I already checked alibaba. Couldn't find blu razz flavor. The flavors I did find were only available in something like 5 kilogram minimum orders, and I really think 11 pounds of flavoring powder is a little more than I need.


----------



## Sully (Jul 9, 2014)

Correction. Alibaba does have blue raspberry flavoring powder. Minimum order, 200kg. 450lbs of flavoring powder is a little overkill for home brewing a batch of preworkout.


----------



## joshck77 (Jul 9, 2014)

Sometimes u can email the person and they will work with u....if not maybe we can get some guys to go in on it and split it up lol







Lil' Sully said:


> Correction. Alibaba does have blue raspberry flavoring powder. Minimum order, 200kg. 450lbs of flavoring powder is a little overkill for home brewing a batch of preworkout.


----------



## Ironbuilt (Jul 10, 2014)

Alibaba...lmfao... 50$ ems shippng.. very cost effective. !  

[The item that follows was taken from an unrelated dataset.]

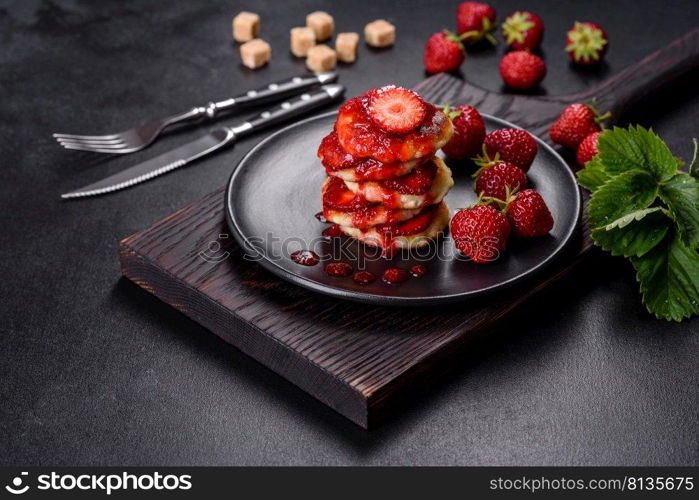 Cottage cheese pancake with strawberry jam on a concrete background. Cottage cheese pancakes with sliced strawberries and strawberry jam on a plate on a concrete background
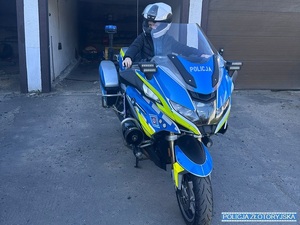 Dziecko siedzące na motocyklu policyjnym w kasku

911 -911  new product.!!!!!  Called koolaid   thin packs u add sugar and water to..

Or.
http://www.bluepacificflavors.com/index

Or.. buy citric acid powder aka " vitamin c raw"   and loranne oil flavor extract.  Make whatever flavor  sour u want. 

15 $  paypal due now .


----------



## silverback66 (Jul 17, 2014)

Also this..  No blue raspberry but they have other flavors 

https://www.mrsupps.com/ProductCategories/14/Extreme+Flavors/


----------



## Sully (Jul 18, 2014)

Can't believe I forgot about that place. Might try the watermelon and limeade.


----------